Each state is divided into judicial districts presided over by a district and sessions judge. He is known as district judge when he presides over a civil case, and sessions judge when he presides over a criminal case. He is the highest judicial authority below a high court judge. Below him, there are courts of civil jurisdiction, known by different names in different states. Under Article 141 of the constitution, all courts in India — including high courts — are bounded by the judgments and orders of the Supreme Court of India by precedence.

Judges in a high court are appointed by the President of India in consultation with the Chief Justice of India and the governor of the state. High courts are headed by a chief justice. The chief justices rank fourteenth (within their respective states) and seventeenth (outside their respective states) on the Indian order of precedence. The number of judges in a court is decided by dividing the average institution of main cases during the last five years by the national average, or the average rate of disposal of main cases per judge per year in that High Court, whichever is higher.

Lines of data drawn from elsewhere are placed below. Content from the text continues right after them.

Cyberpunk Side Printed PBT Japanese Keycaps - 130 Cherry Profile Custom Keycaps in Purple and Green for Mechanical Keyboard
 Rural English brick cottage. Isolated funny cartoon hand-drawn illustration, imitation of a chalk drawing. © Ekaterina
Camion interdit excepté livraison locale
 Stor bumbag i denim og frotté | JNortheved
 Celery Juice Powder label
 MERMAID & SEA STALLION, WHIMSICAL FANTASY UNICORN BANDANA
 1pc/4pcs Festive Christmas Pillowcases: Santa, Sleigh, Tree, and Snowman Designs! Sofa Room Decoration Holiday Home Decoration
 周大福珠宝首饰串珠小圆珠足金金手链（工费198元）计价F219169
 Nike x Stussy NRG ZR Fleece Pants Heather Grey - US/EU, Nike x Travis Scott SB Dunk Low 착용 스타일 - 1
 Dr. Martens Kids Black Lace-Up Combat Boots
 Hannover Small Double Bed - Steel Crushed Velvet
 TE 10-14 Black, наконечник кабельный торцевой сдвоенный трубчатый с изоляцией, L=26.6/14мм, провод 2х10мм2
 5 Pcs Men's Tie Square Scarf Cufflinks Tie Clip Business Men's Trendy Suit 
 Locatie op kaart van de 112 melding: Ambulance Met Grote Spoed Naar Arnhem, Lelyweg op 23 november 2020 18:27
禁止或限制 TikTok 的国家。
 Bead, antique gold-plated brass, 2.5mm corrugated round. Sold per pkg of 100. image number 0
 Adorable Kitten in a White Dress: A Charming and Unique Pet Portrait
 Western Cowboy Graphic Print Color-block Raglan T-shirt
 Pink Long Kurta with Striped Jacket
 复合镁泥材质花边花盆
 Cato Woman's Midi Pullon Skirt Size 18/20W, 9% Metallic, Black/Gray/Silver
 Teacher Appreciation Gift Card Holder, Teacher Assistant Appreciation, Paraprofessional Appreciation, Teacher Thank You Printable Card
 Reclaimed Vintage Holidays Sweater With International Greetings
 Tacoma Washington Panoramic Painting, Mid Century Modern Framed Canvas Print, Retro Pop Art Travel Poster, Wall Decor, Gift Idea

The Calcutta High Court is the oldest high court in the country, established on 2 July 1862. High courts that handle numerous cases of a particular region have permanent benches established there. Benches are also present in states which come under the jurisdiction of a court outside its territorial limits. Smaller states with few cases may have circuit benches established. Circuit benches (known as circuit courts in some parts of the world) are temporary courts which hold proceedings for a few selected months in a year. Thus cases built up during this interim period are judged when the circuit court is in session. According to a study conducted by Bangalore-based N.G.O, Daksh, on 21 high courts in collaboration with the Ministry of Law and Justice in March 2015, it was found that average pendency of a case in high courts in India is 3 years.[2]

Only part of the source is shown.